### EXERCISE BRIEF
Repeat the records below exactly, beginning at the first line and finishing with the line that contains "4 Bedroom Property".

### RECORDS FOR THE EXERCISE
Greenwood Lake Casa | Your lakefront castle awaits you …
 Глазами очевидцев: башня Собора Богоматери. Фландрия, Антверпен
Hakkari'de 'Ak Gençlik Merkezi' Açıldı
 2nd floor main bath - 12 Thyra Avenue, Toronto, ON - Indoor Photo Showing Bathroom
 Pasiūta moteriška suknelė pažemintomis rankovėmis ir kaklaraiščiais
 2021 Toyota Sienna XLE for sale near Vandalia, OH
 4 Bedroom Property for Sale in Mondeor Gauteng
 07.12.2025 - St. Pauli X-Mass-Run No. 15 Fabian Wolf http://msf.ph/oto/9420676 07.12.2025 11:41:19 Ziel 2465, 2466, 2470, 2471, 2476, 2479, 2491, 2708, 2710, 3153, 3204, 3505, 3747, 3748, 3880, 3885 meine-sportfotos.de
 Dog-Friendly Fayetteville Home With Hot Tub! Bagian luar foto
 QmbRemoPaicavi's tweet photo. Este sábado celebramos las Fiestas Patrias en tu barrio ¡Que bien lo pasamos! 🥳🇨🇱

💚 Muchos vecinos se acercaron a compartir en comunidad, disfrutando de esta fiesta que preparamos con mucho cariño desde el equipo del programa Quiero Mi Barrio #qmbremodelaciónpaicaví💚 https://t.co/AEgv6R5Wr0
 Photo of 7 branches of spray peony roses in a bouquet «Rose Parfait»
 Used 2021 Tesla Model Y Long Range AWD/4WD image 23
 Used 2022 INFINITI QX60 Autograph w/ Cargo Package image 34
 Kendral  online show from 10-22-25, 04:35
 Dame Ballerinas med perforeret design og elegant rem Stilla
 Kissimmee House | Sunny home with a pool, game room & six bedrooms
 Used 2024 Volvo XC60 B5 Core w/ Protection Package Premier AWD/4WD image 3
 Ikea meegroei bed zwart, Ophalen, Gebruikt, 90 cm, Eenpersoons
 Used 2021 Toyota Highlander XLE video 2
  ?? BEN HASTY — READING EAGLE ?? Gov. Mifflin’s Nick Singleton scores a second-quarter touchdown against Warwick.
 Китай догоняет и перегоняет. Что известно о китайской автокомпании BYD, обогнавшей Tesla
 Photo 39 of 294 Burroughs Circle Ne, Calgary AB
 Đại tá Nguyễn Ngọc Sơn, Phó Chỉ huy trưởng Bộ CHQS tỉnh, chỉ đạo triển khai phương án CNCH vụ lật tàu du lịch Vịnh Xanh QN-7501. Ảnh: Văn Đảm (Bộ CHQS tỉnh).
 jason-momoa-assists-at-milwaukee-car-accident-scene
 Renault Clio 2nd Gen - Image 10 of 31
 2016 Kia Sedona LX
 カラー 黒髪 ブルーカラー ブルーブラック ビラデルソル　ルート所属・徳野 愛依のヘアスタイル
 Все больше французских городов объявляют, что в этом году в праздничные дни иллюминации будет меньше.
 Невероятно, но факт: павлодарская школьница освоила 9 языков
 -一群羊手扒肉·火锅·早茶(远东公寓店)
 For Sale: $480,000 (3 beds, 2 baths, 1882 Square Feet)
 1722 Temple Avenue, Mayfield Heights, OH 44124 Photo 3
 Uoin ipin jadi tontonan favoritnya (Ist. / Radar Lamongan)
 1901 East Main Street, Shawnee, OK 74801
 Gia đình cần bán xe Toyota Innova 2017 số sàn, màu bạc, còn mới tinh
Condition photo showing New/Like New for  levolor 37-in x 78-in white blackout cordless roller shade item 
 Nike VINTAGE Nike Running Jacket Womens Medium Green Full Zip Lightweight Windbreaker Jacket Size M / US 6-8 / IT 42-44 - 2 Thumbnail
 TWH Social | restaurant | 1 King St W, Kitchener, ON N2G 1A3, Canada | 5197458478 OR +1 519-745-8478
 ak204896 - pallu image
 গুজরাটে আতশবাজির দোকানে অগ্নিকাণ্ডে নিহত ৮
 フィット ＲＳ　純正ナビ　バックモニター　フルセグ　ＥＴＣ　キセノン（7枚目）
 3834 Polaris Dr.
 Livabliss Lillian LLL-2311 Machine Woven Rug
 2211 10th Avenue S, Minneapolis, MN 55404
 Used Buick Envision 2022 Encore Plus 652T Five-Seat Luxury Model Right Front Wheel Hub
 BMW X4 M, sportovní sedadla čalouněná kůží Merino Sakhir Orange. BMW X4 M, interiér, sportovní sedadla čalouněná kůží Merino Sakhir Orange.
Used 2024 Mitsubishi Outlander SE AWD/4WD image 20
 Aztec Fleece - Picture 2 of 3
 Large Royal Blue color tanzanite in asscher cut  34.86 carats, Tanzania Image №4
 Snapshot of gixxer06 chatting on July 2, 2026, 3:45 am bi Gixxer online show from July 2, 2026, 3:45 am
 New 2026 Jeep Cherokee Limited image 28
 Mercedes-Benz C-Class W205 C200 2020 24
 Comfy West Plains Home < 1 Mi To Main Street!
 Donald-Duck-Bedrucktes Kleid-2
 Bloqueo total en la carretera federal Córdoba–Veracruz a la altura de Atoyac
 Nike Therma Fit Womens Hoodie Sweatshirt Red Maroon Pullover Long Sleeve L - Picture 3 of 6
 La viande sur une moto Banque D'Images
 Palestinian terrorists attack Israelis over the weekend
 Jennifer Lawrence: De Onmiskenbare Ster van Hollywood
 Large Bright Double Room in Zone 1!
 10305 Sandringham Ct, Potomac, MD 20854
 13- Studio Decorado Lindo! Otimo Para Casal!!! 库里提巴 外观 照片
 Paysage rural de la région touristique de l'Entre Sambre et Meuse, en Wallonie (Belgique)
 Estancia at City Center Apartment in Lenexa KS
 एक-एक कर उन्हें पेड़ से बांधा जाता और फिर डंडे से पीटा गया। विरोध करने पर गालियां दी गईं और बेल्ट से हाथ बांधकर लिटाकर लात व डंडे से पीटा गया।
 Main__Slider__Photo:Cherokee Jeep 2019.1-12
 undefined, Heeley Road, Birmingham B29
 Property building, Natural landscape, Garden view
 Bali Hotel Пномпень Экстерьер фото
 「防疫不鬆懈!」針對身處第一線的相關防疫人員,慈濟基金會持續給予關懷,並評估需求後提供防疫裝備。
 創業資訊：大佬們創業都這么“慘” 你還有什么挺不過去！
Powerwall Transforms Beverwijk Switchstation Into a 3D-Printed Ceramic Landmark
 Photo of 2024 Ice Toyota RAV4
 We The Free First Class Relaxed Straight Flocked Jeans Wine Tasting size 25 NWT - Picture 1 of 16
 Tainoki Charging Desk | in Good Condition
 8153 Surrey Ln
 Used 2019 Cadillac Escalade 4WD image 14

### OUTPUT
Greenwood Lake Casa | Your lakefront castle awaits you …
 Глазами очевидцев: башня Собора Богоматери. Фландрия, Антверпен
Hakkari'de 'Ak Gençlik Merkezi' Açıldı
 2nd floor main bath - 12 Thyra Avenue, Toronto, ON - Indoor Photo Showing Bathroom
 Pasiūta moteriška suknelė pažemintomis rankovėmis ir kaklaraiščiais
 2021 Toyota Sienna XLE for sale near Vandalia, OH
 4 Bedroom Property for Sale in Mondeor Gauteng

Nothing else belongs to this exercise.